Electrify your lemon tree. If you are growing citrus outdoors and haven’t installed winter protection yet, it is past time to do that. Thread plumbing heating cables or strings of incandescent Christmas lights through the branches to supply enough heat to keep flower buds and fruit from freezing. The heating cables are sold at hardware stores; they have built-in thermostats that automatically turn on when temperatures drop to a degree or two above freezing. You will need a thermostat to control Christmas lights if you want lights to turn on automatically when temperature drops. After installing heating cables in my lemon and lime trees, I wrap a tube of heavy, clear plastic around each tree and then use several layers of floating row cover over the top opening to allow air circulation. The whole thing is secured with sturdy bulldog clips against winter winds. In warmer or more protected locations, covering the trees with heavy row cover fabric (‘fleece’) instead of plastic, works fine.

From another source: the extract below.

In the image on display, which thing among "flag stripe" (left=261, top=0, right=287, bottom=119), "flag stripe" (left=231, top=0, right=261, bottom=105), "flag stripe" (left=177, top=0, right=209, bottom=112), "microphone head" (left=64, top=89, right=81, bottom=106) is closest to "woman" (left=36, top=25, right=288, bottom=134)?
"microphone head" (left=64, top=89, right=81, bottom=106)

Seed ordering: The run on everything to do with gardening continued this year, so once again you might want to lay in garden supplies, seeds and soil amendments sooner rather than later. At least some Seedy Saturdays are resuming in 2022 and these are often good places to get seeds, especially from local companies. Keep checking the Seeds of Diversity website for communities offering Seedy Saturdays in 2022.

Galleon rides again: Readers of my newsletters may remember I was bemoaning the loss of winter cauliflower varieties from Canadian seed suppliers last year. If you want to grow overwintering cauliflower plants next season, I am happy to let you know that seeds of ‘Galleon’ (an excellent, very hardy variety) are now available through Salt Spring Seeds. These were grown this year by a small band of Salt Spring gardeners who grew out their Galleon plants for seed and pooled them to maintain genetic diversity. Some growers on Salt Spring have now planted larger areas of ‘Galleon’ for seed collection next summer so I hope we are on the way to keeping this variety from being lost. SS Seeds also lists ‘Purple Cape’, another excellent overwintering cauliflower.